ASSIGNED TASK:
The output must consist only of the lines from the one with "Living room, Breakfast" through the end of the listing, restated exactly and free of pictures.

MATERIAL FOR THIS TASK:
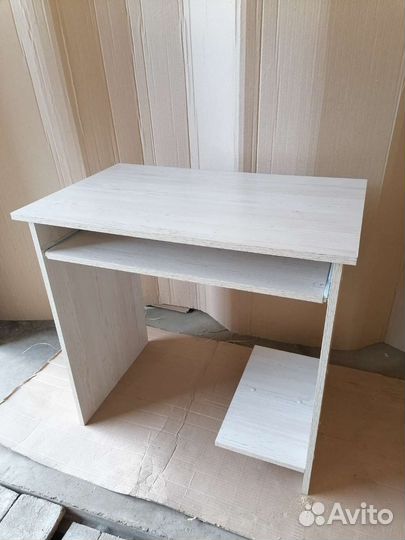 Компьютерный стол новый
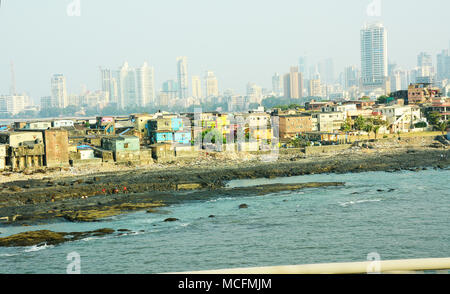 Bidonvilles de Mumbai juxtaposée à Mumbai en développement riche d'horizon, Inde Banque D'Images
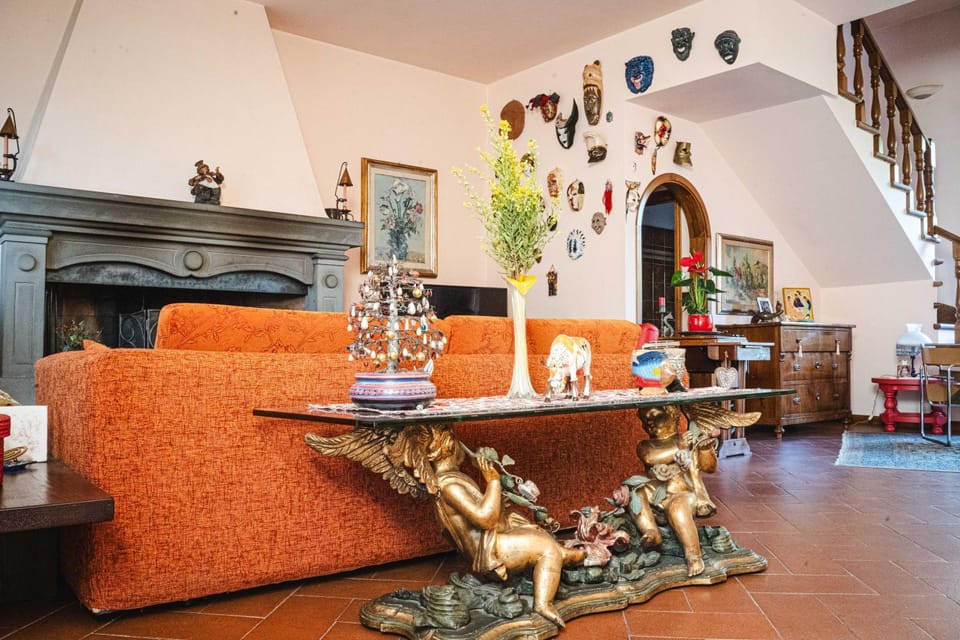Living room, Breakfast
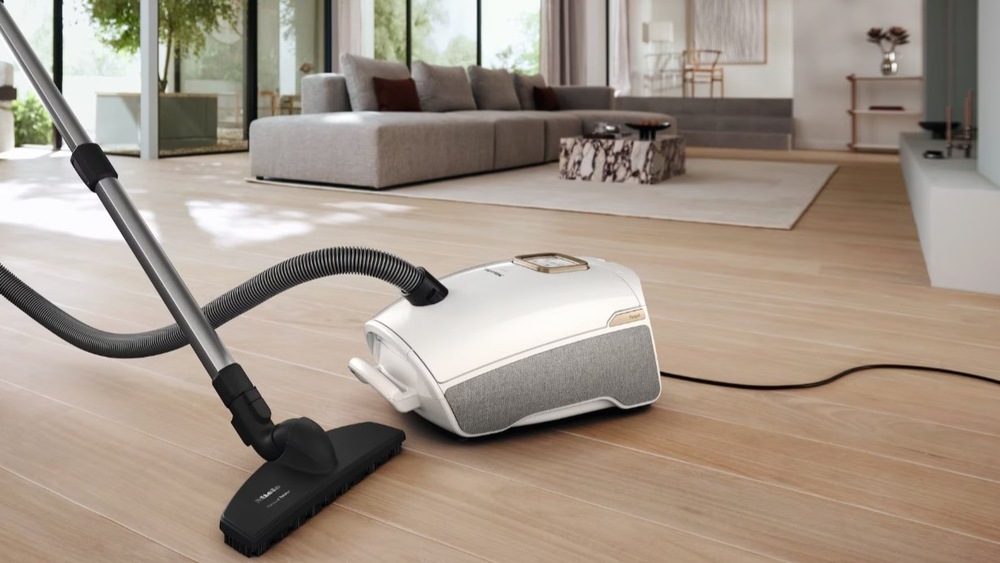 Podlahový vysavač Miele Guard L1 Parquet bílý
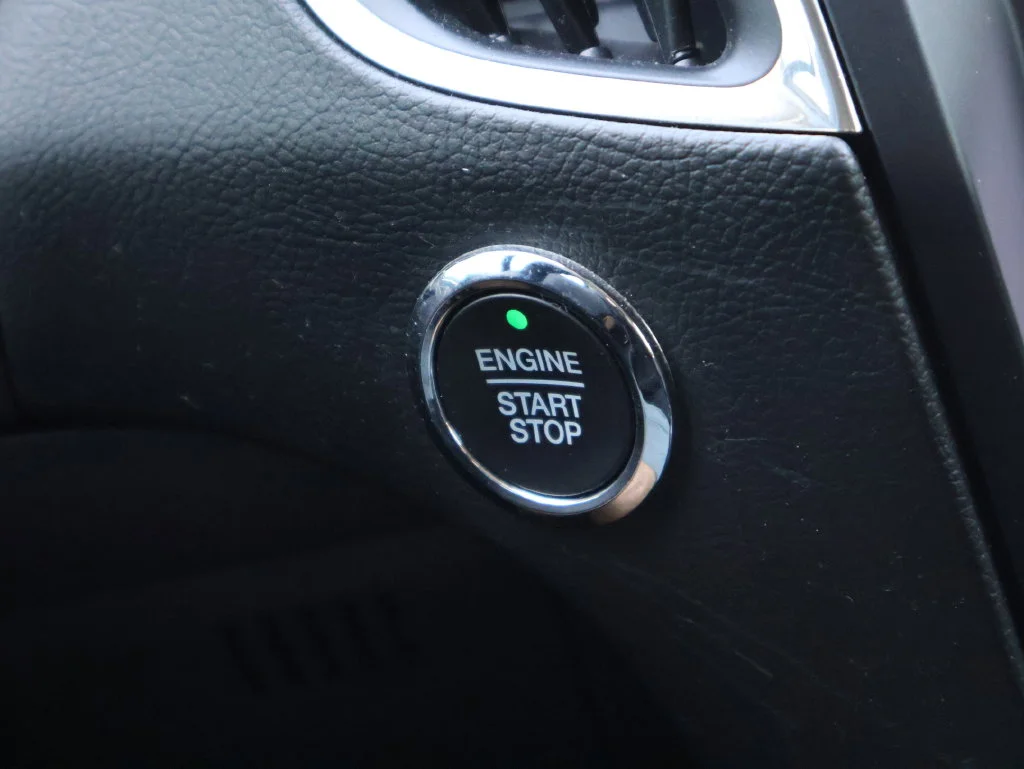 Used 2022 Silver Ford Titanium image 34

RESULT FOR THIS EXERCISE:
Living room, Breakfast
 Podlahový vysavač Miele Guard L1 Parquet bílý
 Used 2022 Silver Ford Titanium image 34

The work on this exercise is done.